Task directions
In the entries that follow, find the line containing "Vloerlamp Jane goud (Goud)" and the line containing "Trail Loop Watch", then copy exactly everything from the first through the second except the pictures.

The data
Segment Open

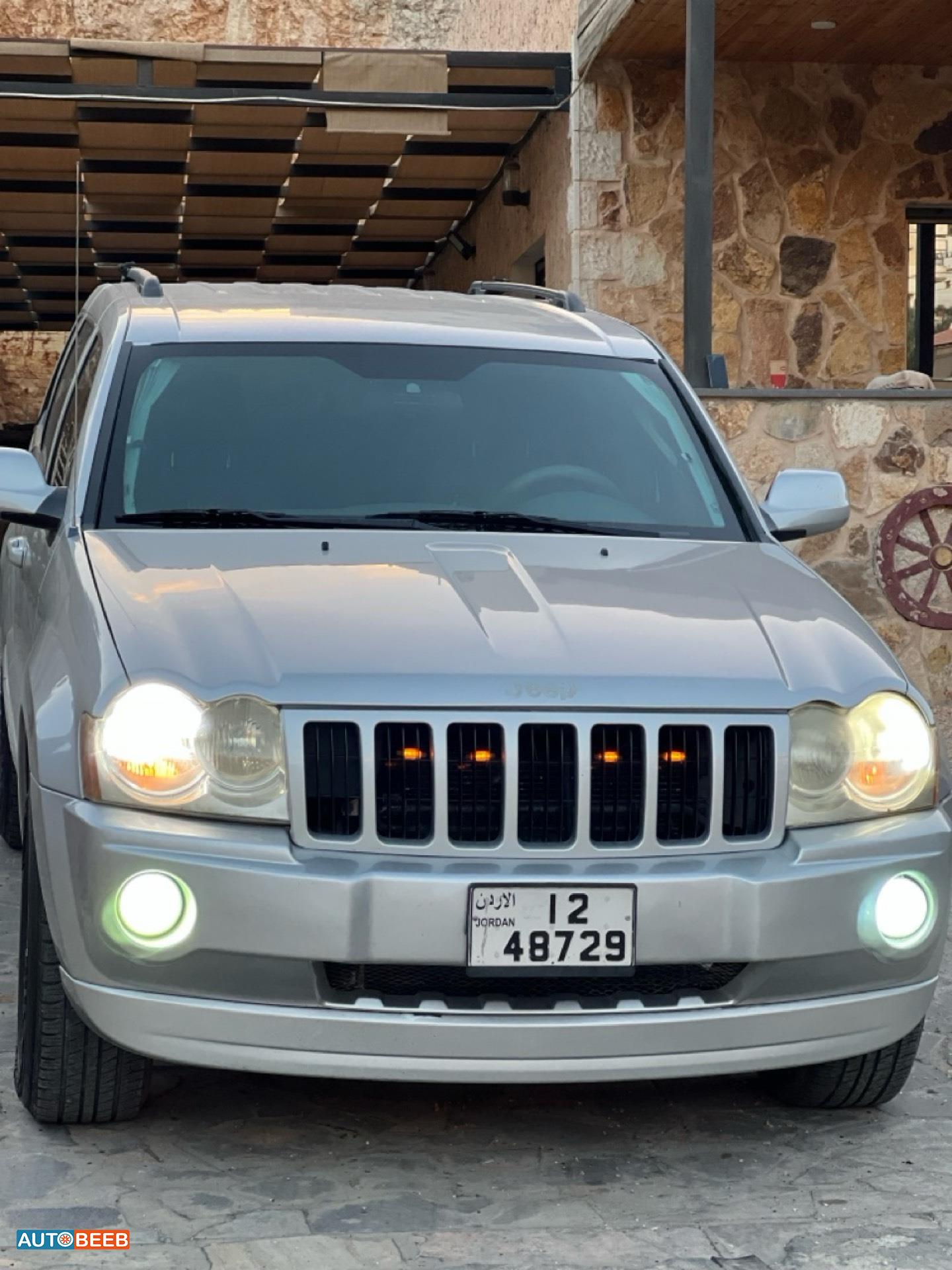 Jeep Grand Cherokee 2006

Segment Closed
Segment Open

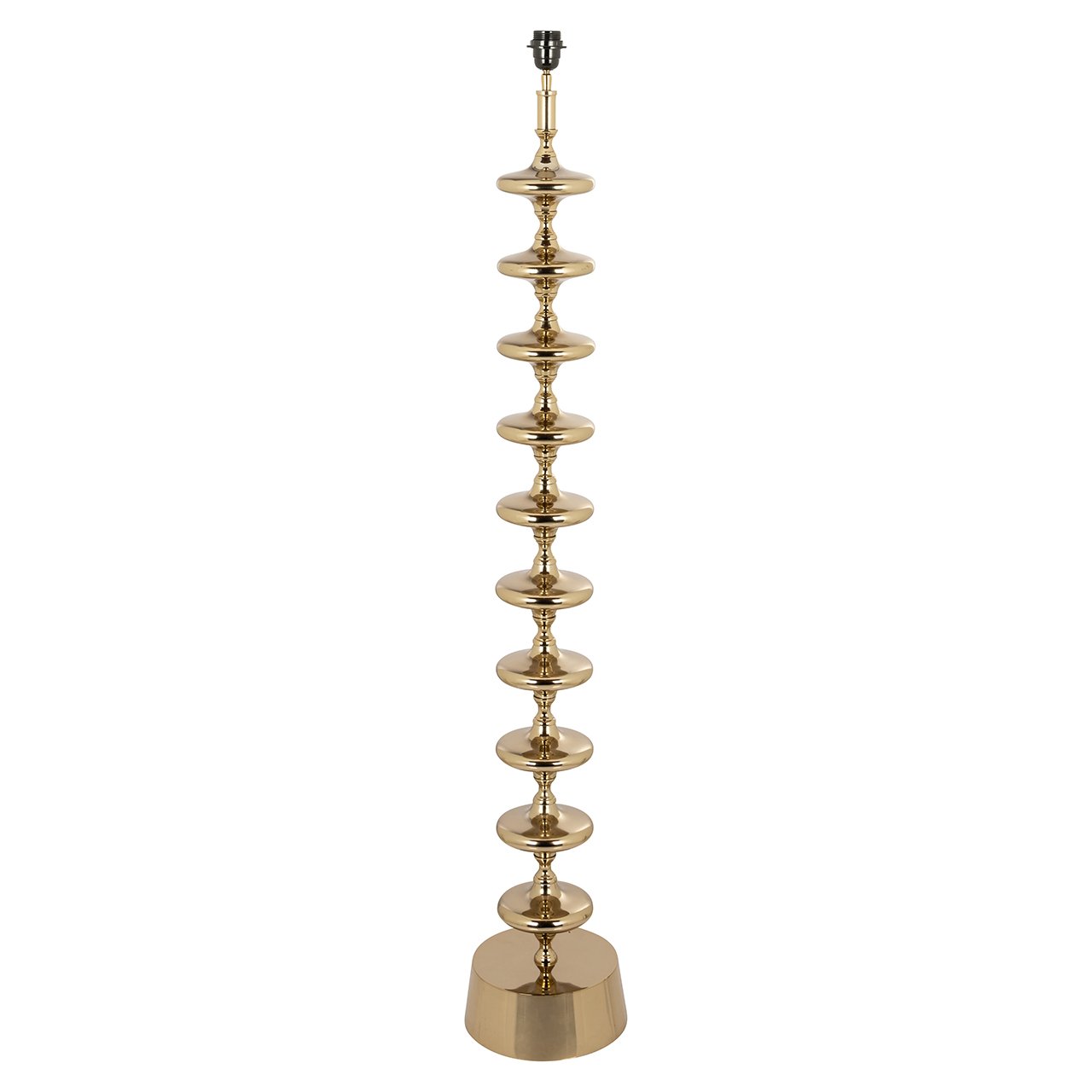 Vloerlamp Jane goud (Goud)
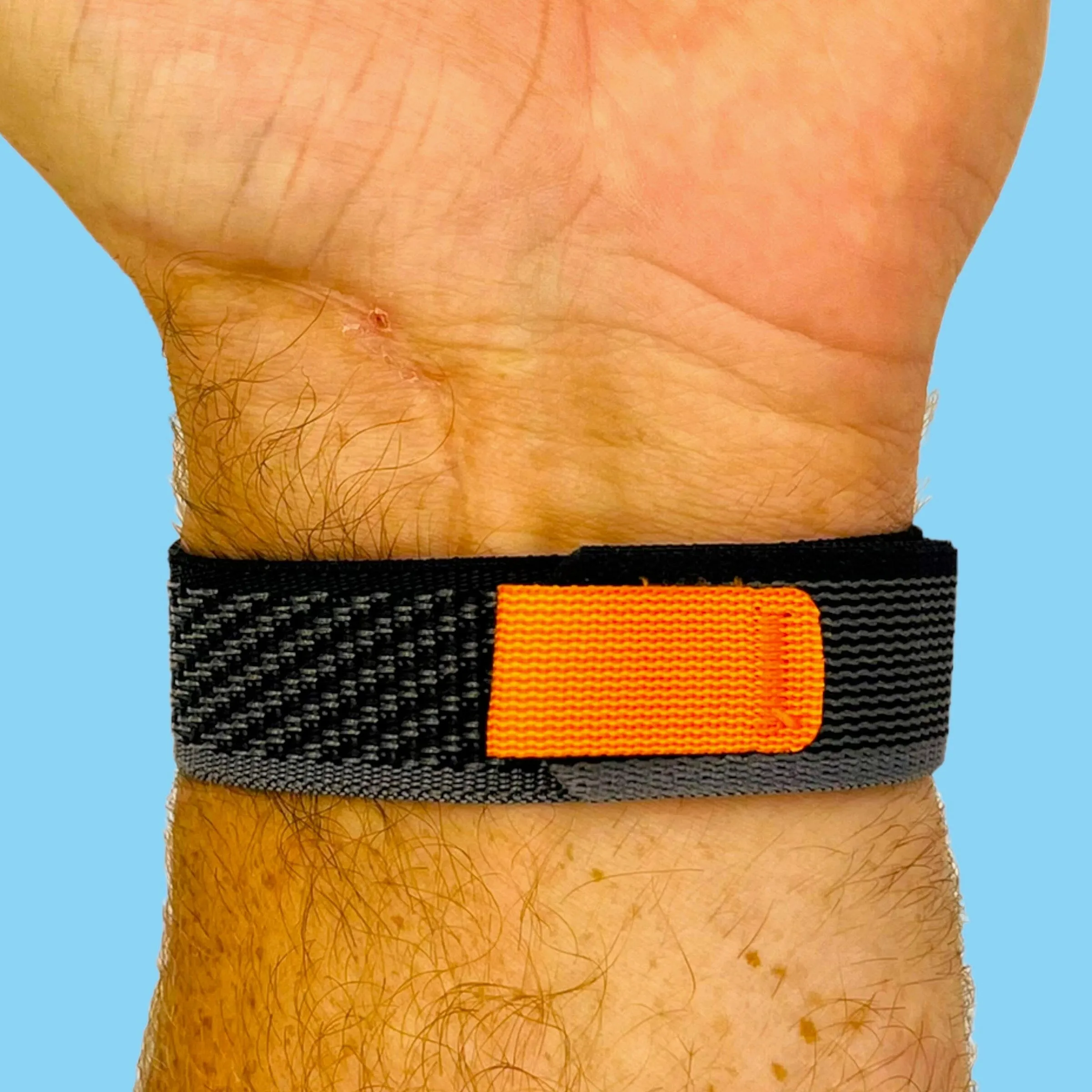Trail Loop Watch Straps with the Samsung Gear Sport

Segment Closed

Answer area
 Vloerlamp Jane goud (Goud)
Trail Loop Watch Straps with the Samsung Gear Sport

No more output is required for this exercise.